I have to be honest, Ohio Secretary of State Kenneth Blackwell is not exactly one of my favorite people. His actions during the 2004 election cycle were nothing short of deplorable. As an Ohio resident, I witnessed firsthand how heavily minority (and Democratic) districts were combined and how not enough voting booths were placed in these districts (I saw people wait over 2 1/2 hours to cast a ballot in my polling place). This was just the culmination of the game-playing he had been doing for over a year.
So, I can’t say that I feel for him when I read that, with less than 7 weeks to go until the election, the polls show him behind by the largest margin of any Republican candidate in the last 20 years.
According to a University of Cincinnati poll, he trails Democratic opponent Ted Strickland by 12 percentage points. According to a Rasmussen poll, he trails by an even greater margin of 21 points.

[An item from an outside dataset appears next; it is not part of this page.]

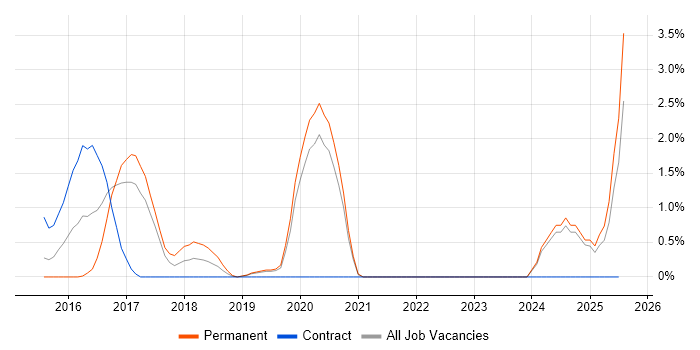 Job vacancy trend for Linux Command Line in Solihull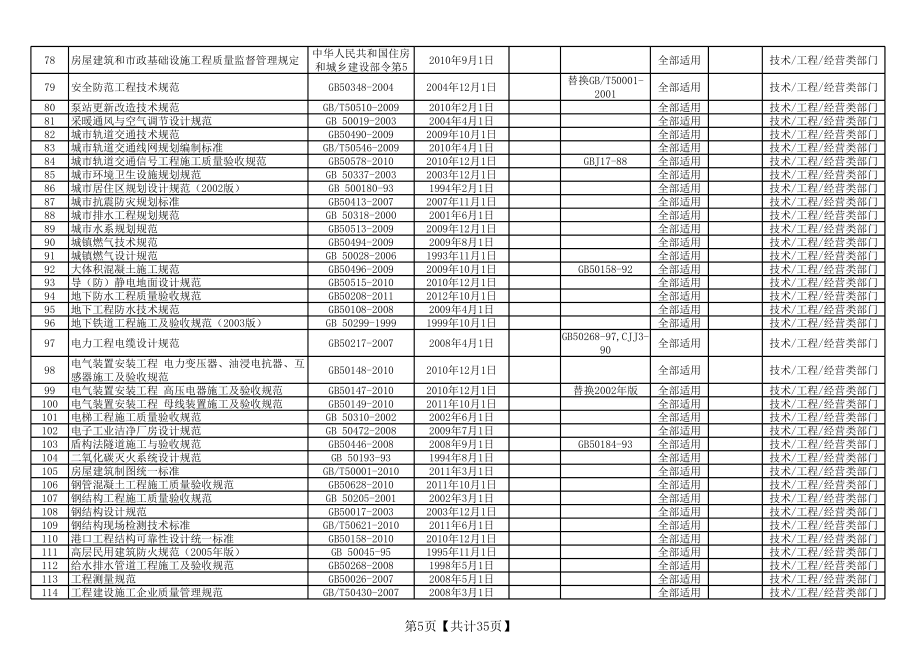 2014年适用法律法规及其它要求清单.xls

Here are some key points of the article that really caught my attention:
Blackwell dismissed the poll numbers, saying they are “all over the place.”
Perhaps, but they all show him losing.
Looking inside the Ohio Poll’s demographic breakdowns will give little solace to the Blackwell campaign:
While 81 percent of Democrats support Strickland, only 68 percent of Republicans said they will vote for Blackwell.
In southwest Ohio, Blackwell’s home and the strongest GOP area of the state, he is leading Strickland by only 5 points.
While Rademacher cautioned that the relatively small sampling of African-Americans makes for a much higher margin of error, the Ohio Poll shows Blackwell - who would be the state’s first African-American governor - with only 20 percent of the African-American vote. That is 18 percentage points less than fellow Republican Sen. Mike DeWine’s showing among black voters in the same poll.
What this says to me is that, he has alienated black voters in favor of perceived support of white conservatives but, in the end, they aren’t looking to back him, either.
So, while the race is far from over, it does appear that Blackwell is about to get a real taste of what some of us have long suspected about the GOP (and, in all fairness, political parties, in general) — black folks are welcomed to work for them but, they are not welcomed to share the power.